L'autrice del libro "La città vivente. Introduzione al metabolismo urbano circolare" presentato a Milano in occasione Salone della responsabilità sociale e dell'innovazione sociale, traccia quella che dovrebbe un'equilibrata dieta della longevità per questo "animale" che sono le città che abitiamo.
C'è tutto uno stile di vita da correggere: l'estrazione di materiali da combustibili fossili, minerali preziosi e biomassa è cresciuta esponenzialmente negli ultimi 50 anni: 184.000.000.000 di tonnellate (sì, gli zeri vanno contati con calma) di estrazioni di materie prime previste per il 2050, una quantità insostenibile.

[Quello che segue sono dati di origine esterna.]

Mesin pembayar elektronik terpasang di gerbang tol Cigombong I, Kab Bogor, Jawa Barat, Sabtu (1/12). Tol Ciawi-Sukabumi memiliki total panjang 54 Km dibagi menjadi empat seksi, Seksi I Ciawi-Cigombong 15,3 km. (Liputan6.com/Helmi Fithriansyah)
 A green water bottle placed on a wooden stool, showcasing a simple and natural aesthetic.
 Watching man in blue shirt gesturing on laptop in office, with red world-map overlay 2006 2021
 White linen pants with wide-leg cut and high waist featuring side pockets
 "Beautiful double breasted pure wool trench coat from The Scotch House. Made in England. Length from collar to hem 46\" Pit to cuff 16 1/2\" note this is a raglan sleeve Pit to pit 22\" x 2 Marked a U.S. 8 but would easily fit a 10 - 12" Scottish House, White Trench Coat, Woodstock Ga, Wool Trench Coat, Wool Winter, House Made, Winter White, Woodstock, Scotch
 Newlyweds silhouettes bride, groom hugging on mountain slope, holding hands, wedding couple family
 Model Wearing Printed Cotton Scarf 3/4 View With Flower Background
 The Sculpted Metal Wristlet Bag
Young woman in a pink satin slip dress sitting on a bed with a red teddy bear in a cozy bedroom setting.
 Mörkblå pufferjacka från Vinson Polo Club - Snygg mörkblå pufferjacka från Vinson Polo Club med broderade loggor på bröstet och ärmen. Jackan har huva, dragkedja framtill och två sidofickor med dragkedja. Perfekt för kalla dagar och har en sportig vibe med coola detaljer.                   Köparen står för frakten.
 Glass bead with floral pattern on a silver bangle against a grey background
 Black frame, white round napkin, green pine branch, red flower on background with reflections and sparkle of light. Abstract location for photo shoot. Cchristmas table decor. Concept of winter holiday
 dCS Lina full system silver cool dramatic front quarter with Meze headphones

Più da vicino, il nostro Paese non ha ancora ottenuto livelli soddisfacenti di raccolta differenziata, la dispersione di acqua potabile lungo le reti idriche gestite a livello locale, il consumo di suolo mal regolamentato che è responsabile della diffusa emergenza del dissesto idrogeologico presente su molti territori italiani e che minaccia la biodiversità ricca e preziosissima ma ormai sempre più fragile e a rischio.
Strategie di metabolismo circolare
E' una questione di peso. Il peso "insostenibile" delle attività umane destinato a portare un collasso dei sistemi urbani, se non rivisti in un'ottica di un uso responsabile delle risorse.
Una dieta dimagrante, allora potrebbe essere quello che ci vuole. E per Paola Pluchino, questo regime di benessere cui tendere si chiama economia circolare.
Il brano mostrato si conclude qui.